Data items:
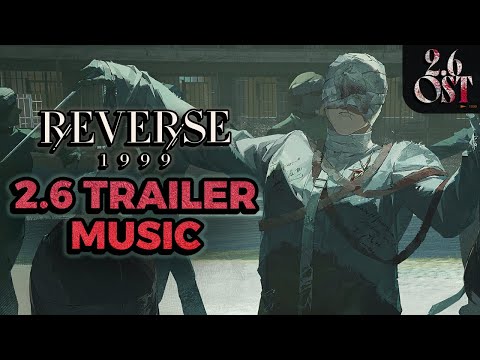 "Limen" | Reverse: 1999 Chapter 9 OST | TRAILER MUSIC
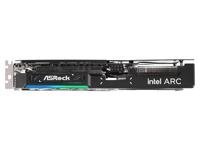 VGA Asrock Intel Arc B580 Challenger 12GB OC - thumbnail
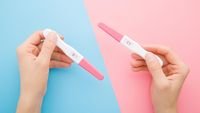 9 Kesalahan Saat Tes Kehamilan yang Sering Terjadi dan Membuat Hasil Tidak Akurat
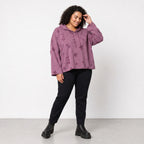 Papita · Hoody · DestroyedStar · 7253 · OldWine
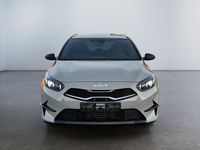 Neu Kia Ceed Sportswagon 101 PS (74 kW) 2025 Grau Kombi
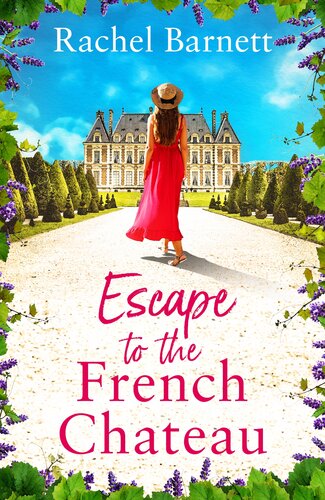 descargar libro Escape to the French Chateau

### EXERCISE INSTRUCTIONS
Every line of the records must come back unchanged, except that pictures are dropped.

### TASK OUTPUT
 "Limen" | Reverse: 1999 Chapter 9 OST | TRAILER MUSIC
 VGA Asrock Intel Arc B580 Challenger 12GB OC - thumbnail
 9 Kesalahan Saat Tes Kehamilan yang Sering Terjadi dan Membuat Hasil Tidak Akurat
 Papita · Hoody · DestroyedStar · 7253 · OldWine
 Neu Kia Ceed Sportswagon 101 PS (74 kW) 2025 Grau Kombi
 descargar libro Escape to the French Chateau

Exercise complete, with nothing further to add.